Facebook announced a USD 50 million funds called the XR Programs and Research Fund to help develop a responsible metaverse. Meta stated in a blog that it would collaborate with Women in Immersive Tech, Africa No filter, Electric South, and the Organization of American States as a part of its initiative. The fund will also pour money to conduct external research with the University of Hong Kong and the National University of Singapore. Facebook clarified that it would only provide funds for the research and not the data so that the study remains independent.

The virtual reality online video game Horizon Worlds is Meta’s flagship program to create something that is assumed to be close to the company’s vision of metaverse. The ease of virtual interaction in the game raised alarms following the sexual abuse allegations of her online avatar made by a metaverse beta tester. On February 4, Meta introduced a tool called ‘personal boundary’ when they access the Horizon Worlds and Horizon Venues apps using their VR headsets. The tool will ensure a distance of four feet between their virtual avatars to curb incidents of virtual groping and other abusive behaviour. 

Identity theft

Identity fraud and theft pose a major risk in the metaverse, making user’s digital identity protection vital. The metaverse will contain far more personal information than our Google accounts. Aside from our credit card and bank account details, Meta was reportedly gathering biometric data, including the users’ pupil movements and body poses, to create their avatars and hyper-targeted advertisements. 

Source: Pentasecurity 

Crowded adspace

The metaverse is also an easy target for advertisers to overwhelm spaces. Because of the sensory overload in the metaverse, constant video pop-ups, sponsored content, and repetitive ads could be even more intrusive to users. Critics are expecting the metaverse to be filled with a barrage of ads. Post Facebook’s decision to start testing in-headset ads, the company received massive backlash from developers. Bosworth, VP of Facebook Reality Labs, admitted that the criticism was “way too much.” 

Source: UploadVR

Physical threats

As technology advances, a host of more serious problems are expected to surface. Research showed that virtual attacks could transform into physical attacks. An attacker could reset the physical boundaries of hardware by manipulating the VR platform like a user could be pushed down a flight of stairs. 

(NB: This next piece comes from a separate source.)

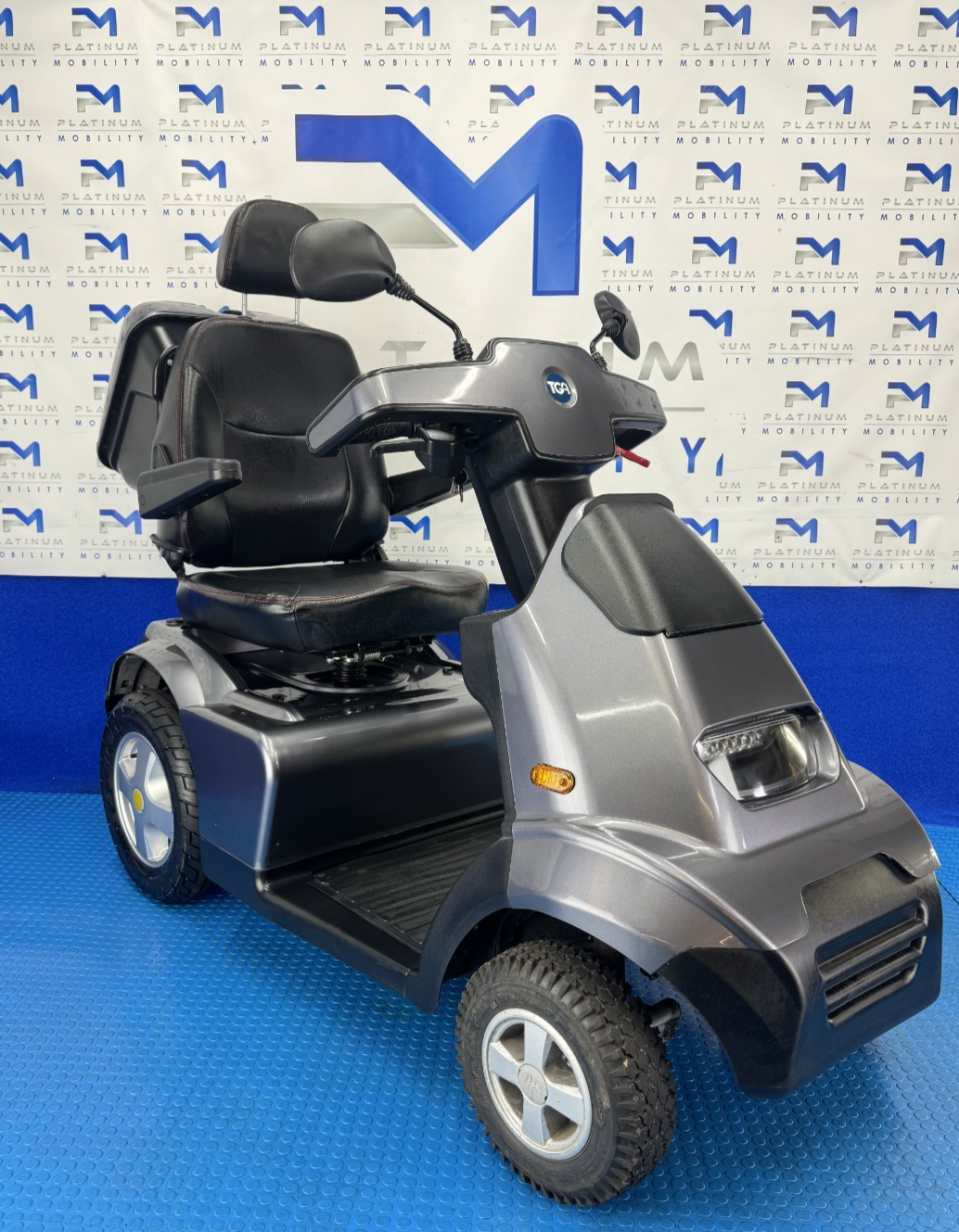 TGA Breeze S4 8MPH All Terrain Mobility Scooter Road Stunning Condition 2832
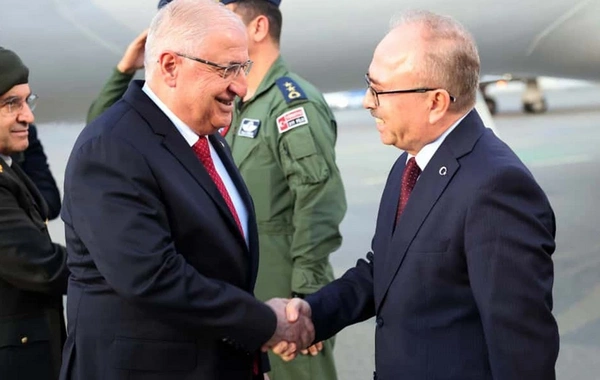 Türkiyənin milli müdafiə naziri Azərbaycana gəlib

As augmented reality arrives on the scene, users could potentially be misdirected into dangerous situations like robberies. Even hypothetical attacks could leave users with a feeling of nausea from motion sickness. Kavya Pearlman, founder and CEO of XR Safety Initiative, explained, “We know that people could experience motion sickness in VR. The creator could have intentionally embedded something that, when you click on it, makes you sick.” 

Safety standards

In order to protect the data and privacy of users, companies will need to do more than just policy changes, Pearlman said. A trusted ecosystem must be created that can build algorithms, frameworks and regulations to address the privacy and security issues. Serge Gianchandani, co-founder of MetaMall, a metaverse startup that offers high-end real estate and experiences said, “We feel that the metaverse can be made very secure with the right choice on tech and protocols. We follow both privacy by design and privacy by default methodology.  Wherever it is not necessary,  default is masking the user details and allowing the user to configure his privacy settings.”

But the Global Head of Safety at Meta, Antigone Davis, stated that building a safe Metaverse can’t be done alone, companies have to partner with government, industry, academia and civil society. Policy experts have set down certain goals that align with the idea of a secure metaverse: determining who has the authority to make policies, fixing the current infrastructure issues, better management and protection of digital identities and framing trust policies for virtual reality. The questions about what these rules will be are many, and it will be interesting to see how cybersecurity shapes up to answer them.